J'ai grandi à regarder la mer comme un thermostat fiable. Quand j'étais ado et que je passais l'été à observer mes premiers SSD chauffer dans des boîtiers mal ventilés, j'avais la même fascination pour les courbes de température : un capteur, une mesure, un seuil. Trente ans plus tard, le capteur a changé d'échelle. Les flotteurs Argo, les satellites Copernicus et le système Mercator restituent en quasi temps réel la température de surface (SST) de la Méditerranée.

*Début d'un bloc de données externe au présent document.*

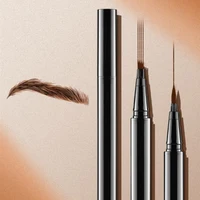 2In1 Liquid Eyebrow Pencil Private Label Waterproof Long-lasting Natural Sweat Proof Non-smudge Custom Logo Makeup Cruelty Free 1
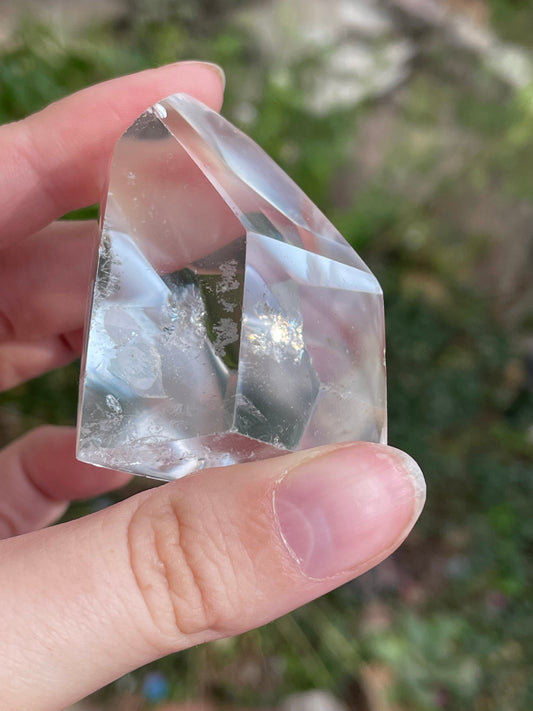 Clear Quartz Gusher B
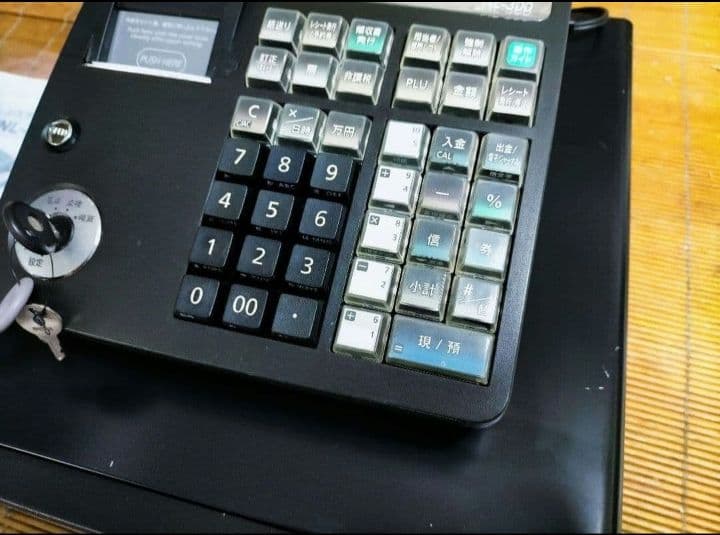 カシオレジスター　TE-340/NL300　フル設定無料　240260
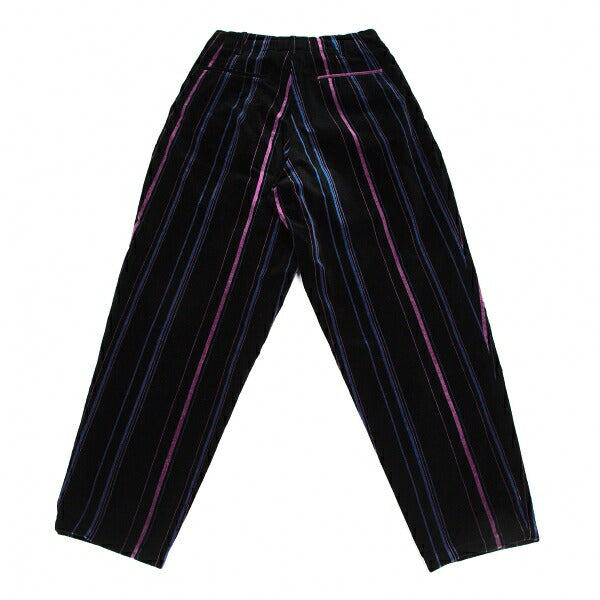 Yohji Yamamoto PH 93AW Velour Multi Pants Black Size S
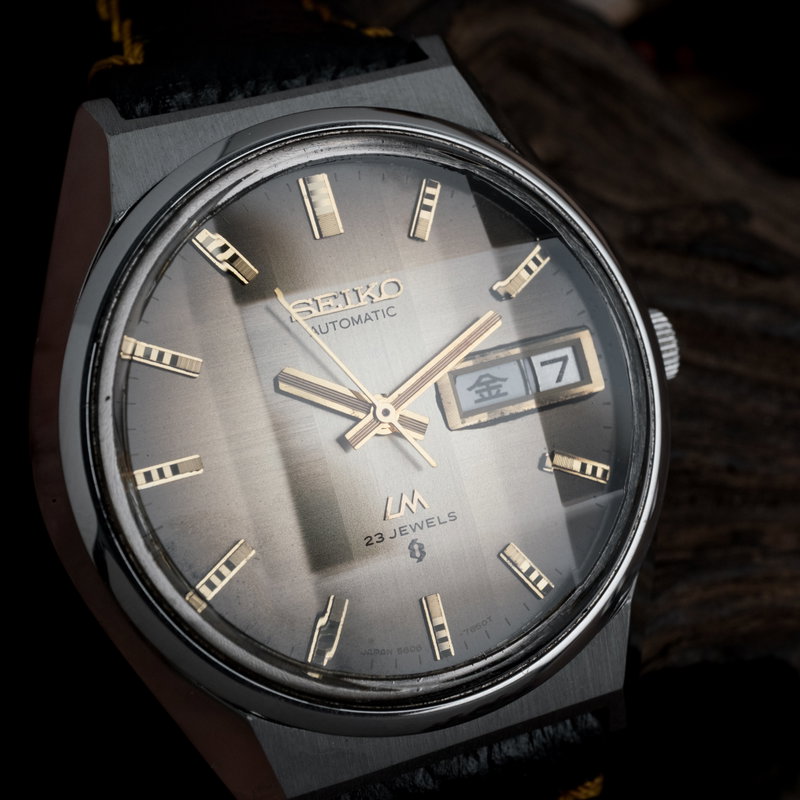Seiko Seiko - Lord Matic - Ingen mindstepris - 5606-7310 - Mænd - 1974 vintage watch - image 9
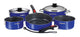Magma Mag Cookware Set 10 Pc Cobalt B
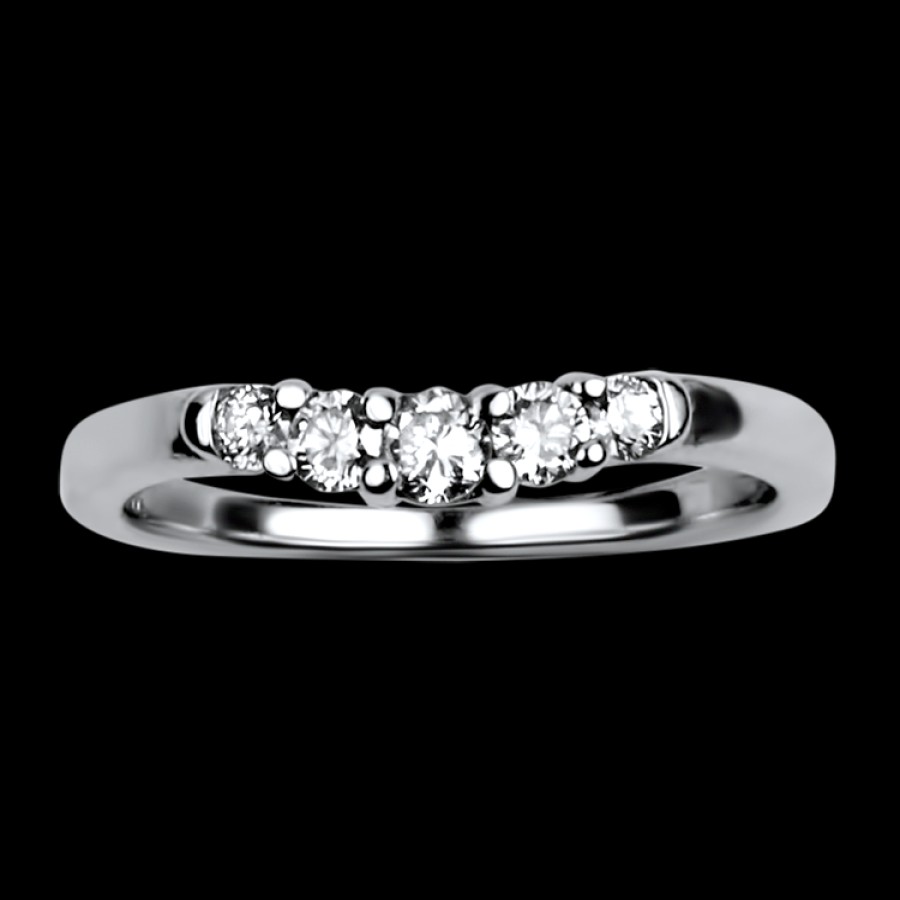 Estate PAGE Estate | Estate 14K White Gold Diamond Band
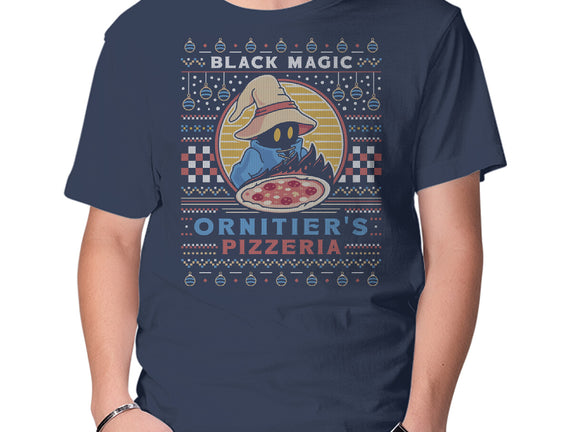 Ornitier Pizzeria Ugly Sweater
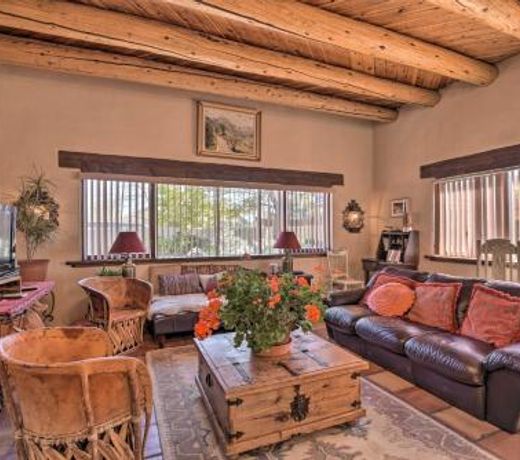 Lavish El Prado Home with Hot Tub Near Downtown!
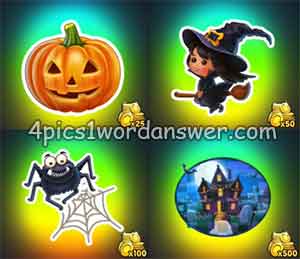 4 Images 1 Mot Halloween Octobre 2018 Enigme Journaliere Solutions 4 Pics 1 Word Daily Puzzle Answers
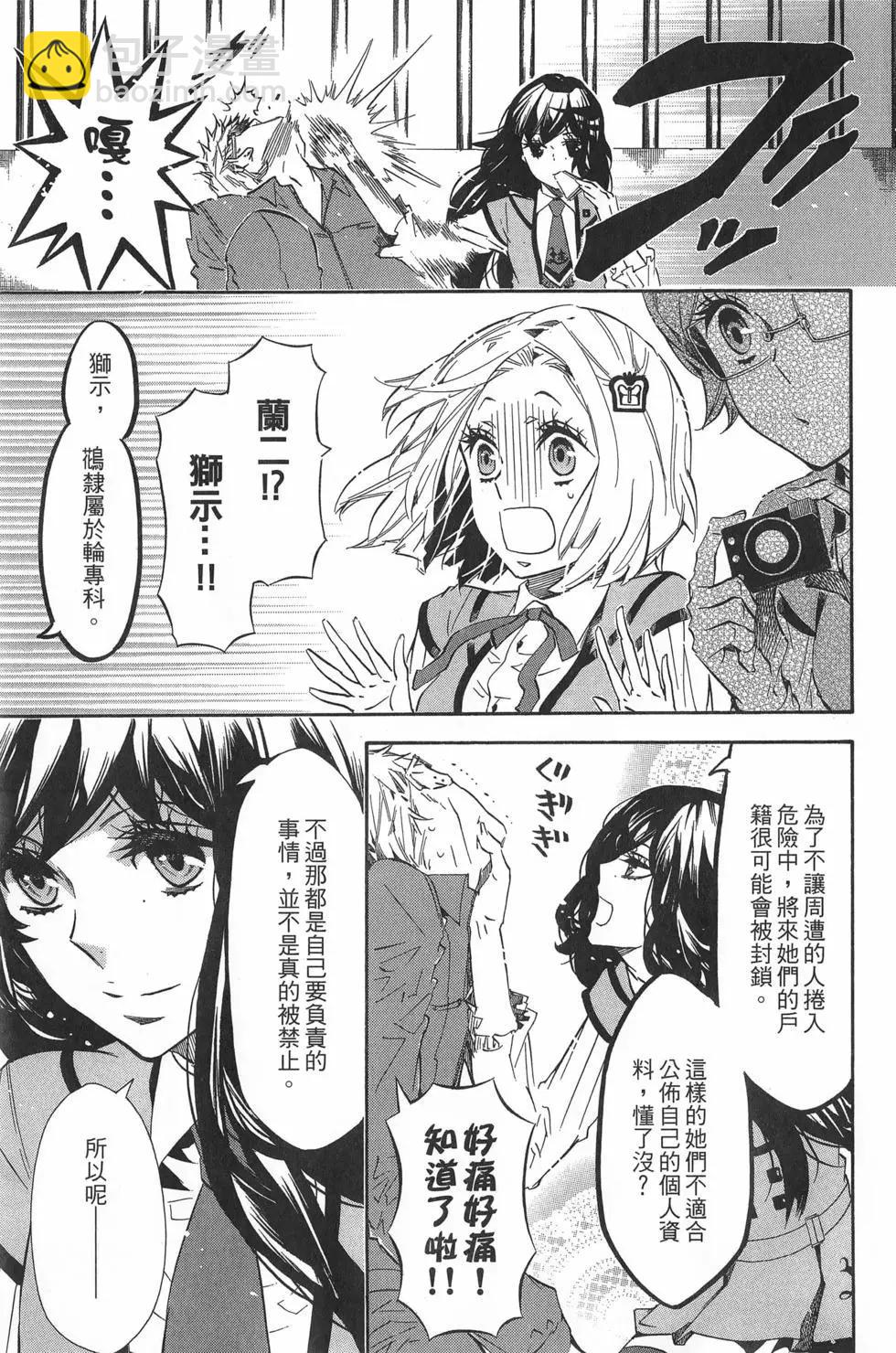 《黑色嘉年华》第10卷 第26页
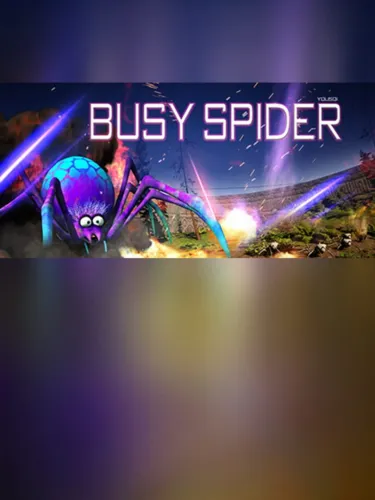 Portada de Busy Spider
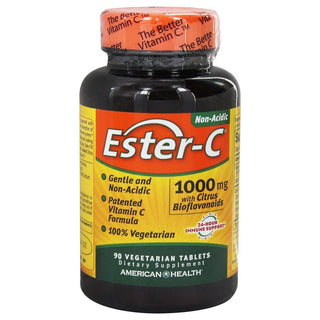 American Health Ester-C 1000 Mg With Citrus Bioflavonoids 90 Vegetarian Tablets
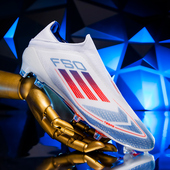 足球鞋 男梅西中小学生AG长钉儿童tf碎钉透气训练专用F50短钉比赛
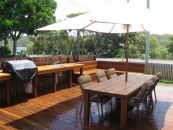 Blue River Shack - The Deck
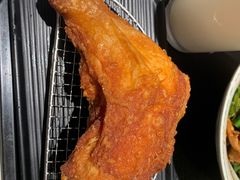 酥炸脆皮大鸡腿-永和大王(梅家浜店)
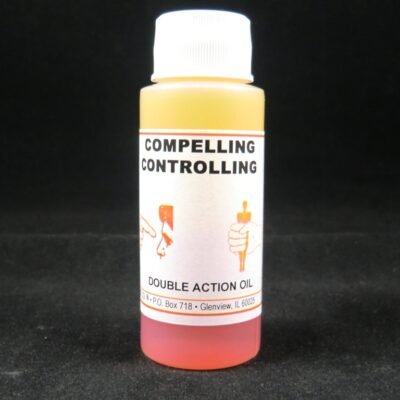 Compelling/Controlling Double Action Oil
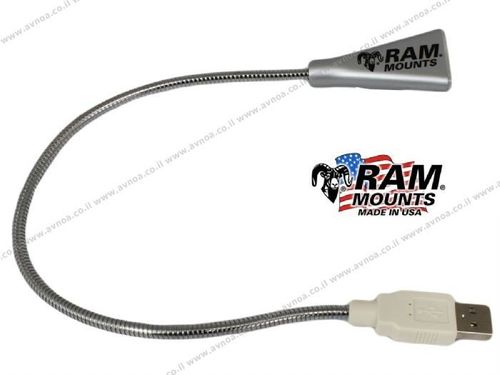 פנס כבל גמיש USB לד RAM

Et fin avril 2026, ce thermostat est parti dans une zone que je n'avais encore jamais vue à cette saison.

Selon le site Sciencepost relayant les observations Copernicus Marine Service, l'anomalie SST en Méditerranée occidentale atteint +5 à +6°C au-dessus des normales saisonnières fin avril et début mai 2026. Le bassin entier reste au minimum +3°C au-dessus de la moyenne. Le bulletin Copernicus officiel pour mai n'est pas encore publié au moment de cette rédaction (le mois est en cours), donc tout repose sur le relais Sciencepost. C'est une précision qui compte.

Une vague chaleur marine déclenchée trop tôt#

Une vague chaleur marine (Marine Heat Wave, MHW) se définit par une SST dépassant le 90e percentile climatologique pendant au moins cinq jours consécutifs. Ce qui frappe en 2026, ce n'est pas le fait qu'une MHW se produise, c'est sa précocité.

Le site Tameteo a documenté 19,7°C de SST relevés à Sa Dragonera (Majorque) fin avril 2026. La moyenne d'avril sur ce point de mesure est 14,9°C. Près de 5°C d'écart, en avril, sur une station instrumentée. La zone la plus touchée s'étend du Golfe du Lion à la mer Ligure, avec extension aux côtes provençales et aux îles Baléares.

Pour qui suit les MHW depuis quelques années, ce déclenchement précoce envoie un signal clair : la fenêtre saisonnière des extrêmes thermiques s'élargit. La Méditerranée n'attend plus juin ou juillet pour basculer.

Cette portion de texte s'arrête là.